How do I make Bash read-only for an agent?

You can't through the tools allowlist — Bash is all-or-nothing there. Enforce it one layer down: a PreToolUse hook that inspects each command and blocks writes, or run the agent in a read-only permission mode like plan. The toolset removes the editing tools; the hook constrains the shell.

Which MCP servers should an agent get?

Only the ones its job touches, with credentials scoped to that job — a release-notes agent gets GitHub read access, never the production database server. Many servers offer read-only modes or roles; use them. And treat MCP output as untrusted input: never wire an untrusted server to an agent holding write or deploy tools.

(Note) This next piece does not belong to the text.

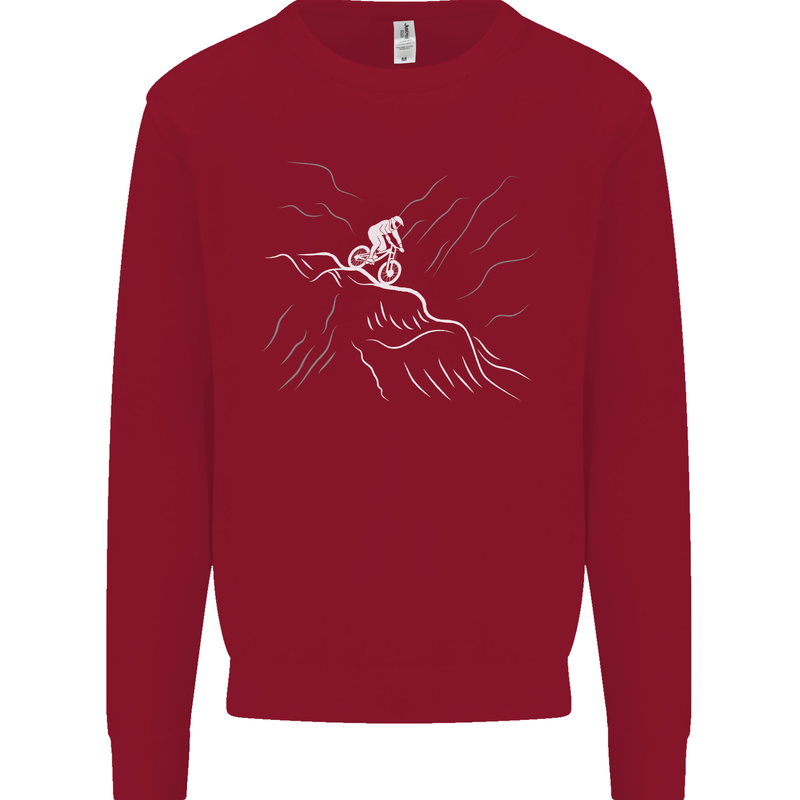 Downhill Mountain Biking Cycling Bike MTB Kids Sweatshirt Jumper Red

Effective Tool Use: Scoping an Agent's Toolset

An agent's toolset is its job description written in capabilities. Start from zero and grant the minimum; remove Edit/Write so a reviewer physically can't mutate code; pick one sharp tool per capability instead of three overlapping ones; name tools so the model routes correctly; scope MCP servers and credentials to least privilege; and gate the irreversible with hooks, not polite prompts.

The fastest way to make an agent worse is to give it more tools. Every tool you add is another option the model has to consider on every turn, another way for it to misfire, and another path to a destructive mistake. The toolset is not a feature list — it's the agent's job description, written in capabilities. Get it wrong and the model wanders; get it right and a mediocre prompt still produces sharp, safe behavior.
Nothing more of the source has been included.